EU hammerblow as France blocks ratification of landmark trade deal with Canada


France has dealt a crushing blow to the European Union’s flagship trade deal with Canada by rejecting its ratification after criticism by farmers that it brings in unfair competition from overseas.

The EU-Canada Comprehensive Economic and Trade Agreement, or CETA, provisionally went into effect in September 2017 after all EU governments agreed to it – but its full implementation still requires approval by both French legislatures.

Yesterday’s 211-44 vote in the Senate does not necessarily mean that France ultimately will reject the treaty completely.

The vote sends the bill back to the powerful National Assembly, which had approved it in 2019 and can still move to override the Senate rejection and give final approval to the measure.

Nevertheless, French President Emmanuel Macron’s centrist alliance, which has pushed for CETA’s adoption, lost its majority at the lower house in 2022, meaning the outcome of any new vote is hanging in the balance.

Should the Assembly ultimately reject the legislation, that would signal France’s failure to ratify and could unravel the EU trade deal.

In the Senate, opposition from both the conservative majority and leftist legislators centred on concerns about protecting local farmers from what they consider unfair competition, as well as France’s food sovereignty.
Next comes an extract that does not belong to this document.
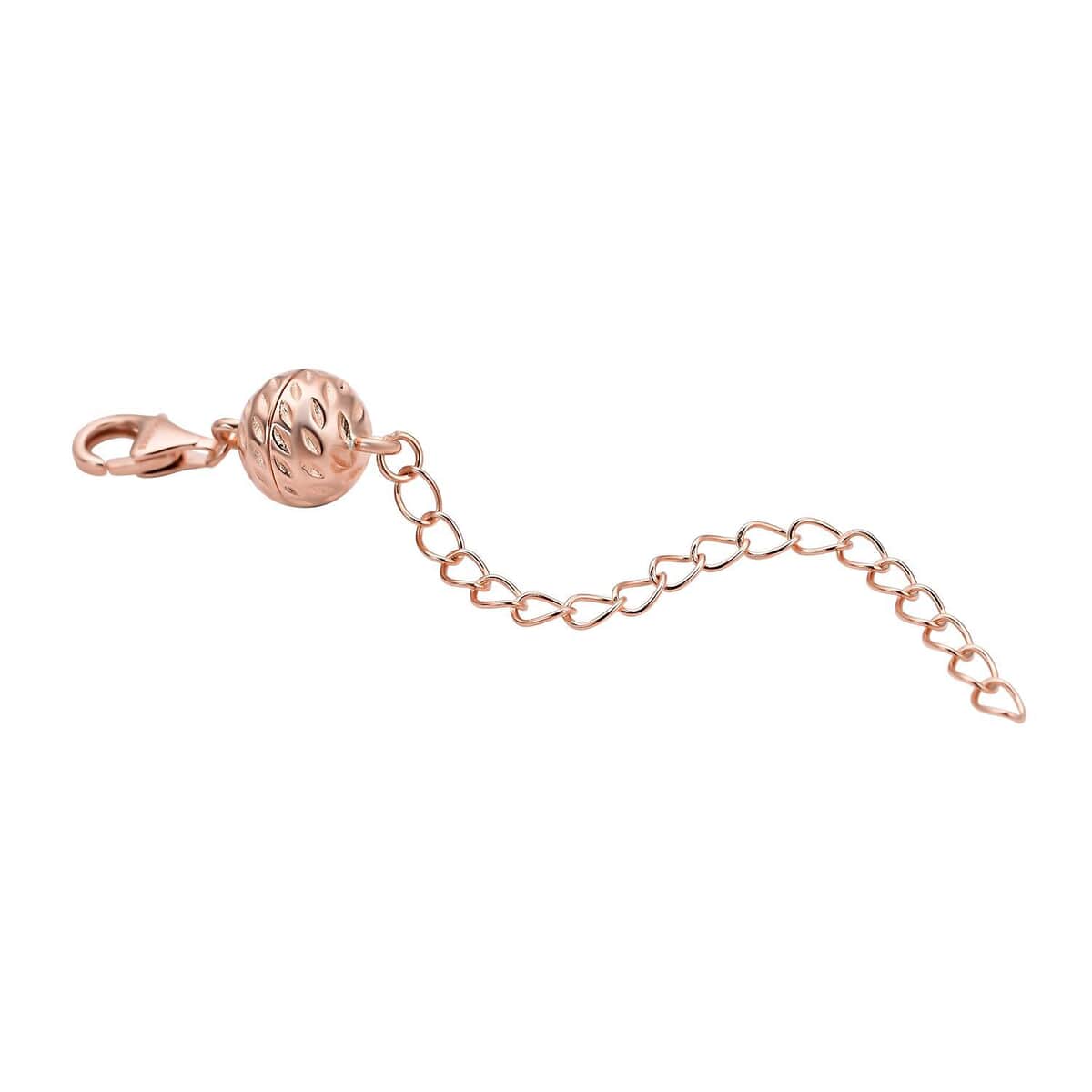 14K Rose Gold Over Sterling Silver Magnetic Lobster Lock With 2 Inches Extended Chain 2.30 Grams image number 1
No date has been set so far for the Assembly to consider the legislation.

Across the bloc, the ratification process has been slow, with France and nine other EU countries, including Italy and Belgium, not yet giving their approval.

As of 2020, the value of trade between the EU and Canada stood at just over £42billion.

There have been significant increases in trade volume between the EU and Canada since the trade deal provisionally went into effect. From 2017 to 2023, trade between the two jumped by 51 percent, with French exports to Canada rising by 33 percent.

Figures published by the EU two years ago suggested CETA saved £463million in duties in 2022.

Despite these economic gains, CETA has faced criticism, including over its impact on European farmers and the environment. Critics claim it risks undermining local agriculture and increasing greenhouse gas emissions due to more transport of goods.

CETA aims to eventually eliminate almost 99 percent of tariffs.

It includes special recognition for certain European products like Agen prunes and Savoie reblochon.

The Senate’s rejection pressures the National Assembly, which only narrowly passed CETA in 2019.

If France or any other EU member state definitively rejects the treaty, it could fall apart, affecting the parts of the agreement already in operation.

French senators’ vote comes after farmers across France and Europe demonstrated on their tractors earlier this year in protests over low earnings, heavy regulation and what they call unfair competition from abroad, often criticising free-trade agreements, including the CETA.